Jacques François Anatole Thibault, grande letterato e scrittore francese, nonché Premio Nobel per la letteratura, considerava lo Stato come il corpo umano e sosteneva che non tutte le azioni compiute dal medesimo fossero nobili. Tale assunto calza perfettamente con il pensiero dei genitori di Giulio Regeni torturato e assassinato in Egitto all’inizio del 2016. Dopo quattro lunghissimi anni, ormai stanchi e avviliti, ricevono un’ulteriore “mazzata” dalla vendita all’Egitto di due fregate italiane, approvata dal governo in carica. “Lo Stato italiano ci ha tradito. Siamo stati traditi dal fuoco amico, non dall’Egitto”. Come non comprendere il loro stato d’animo? Proviamo solo per pochi minuti a metterci nei loro panni. L’Italia ha dato il via libera, quattro giorni fa, alla vendita di due fregate all’Egitto. Si tratta di due navi della Marina Militare Italiana, le ultime due delle dieci ordinate, per un valore stimato di circa 1,2 miliardi di euro.

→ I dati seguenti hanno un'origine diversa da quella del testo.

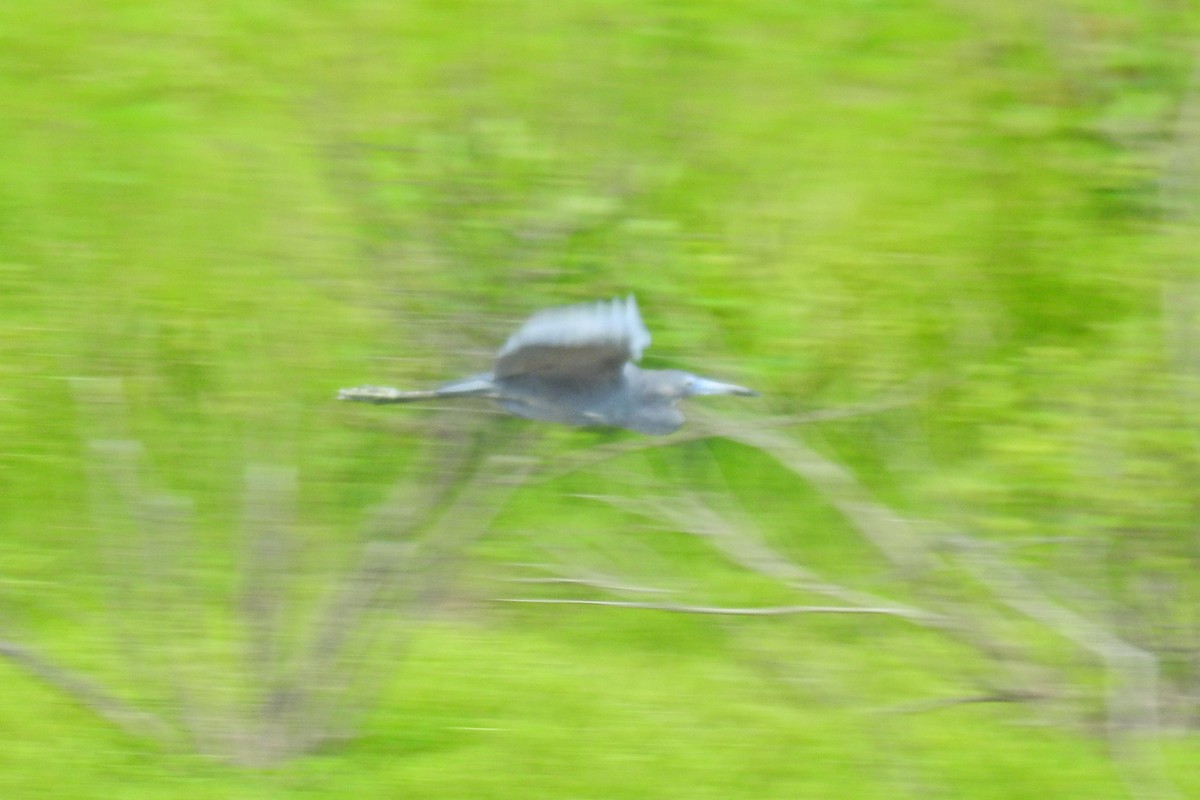 Little Blue Heron - ML618978142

L’affare fa parte di una commessa ancora più ampia per un valore totale di circa dodici miliardi di euro. Forse è giuridicamente, politicamente, ed economicamente corretto fare affari con un regime che ha coperto gli assassini di un ragazzo di ventotto anni. Esiste tuttavia una morale ed esistono due genitori che attendono giustizia. Come diceva il grande Sandro Pertini: “Non esiste una moralità pubblica e una moralità privata. La moralità è una sola e vale per tutte le manifestazioni della vita. E chi approfitta della politica per guadagnare poltrone o prebende non è un politico. È un affarista, un disonesto”. “Qualsiasi opinione della famiglia merita rispetto” ma lo meritano “anche gli sforzi del governo italiano che sono stati sempre incessanti per chiedere in ogni occasione possibile l’accertamento della verità nei confronti dell’Egitto”. Così il premier Giuseppe Conte. Eh no, troppo comodo.
La morale ci dice quello che dobbiamo fare. E proprio secondo questo principio che mi sono chiesto, ma Giuseppe Conte, Presidente del Consiglio e Luigi Di Maio, Ministro degli Esteri, avranno trovato due minuti per chiamare i genitori di Giulio Regeni? Se non l’hanno fatto, il loro è un silenzio colpevole perché il senso d’umanità comincia a sgretolarsi quando diventiamo silenziosi sulle cose che contano. Ecco, noi non siamo silenziosi e chiediamo e gridiamo a squarciagola due parole: “giustizia” e “verità”, com’è stampato sul manifesto giallo dove Giulio Regeni sorride.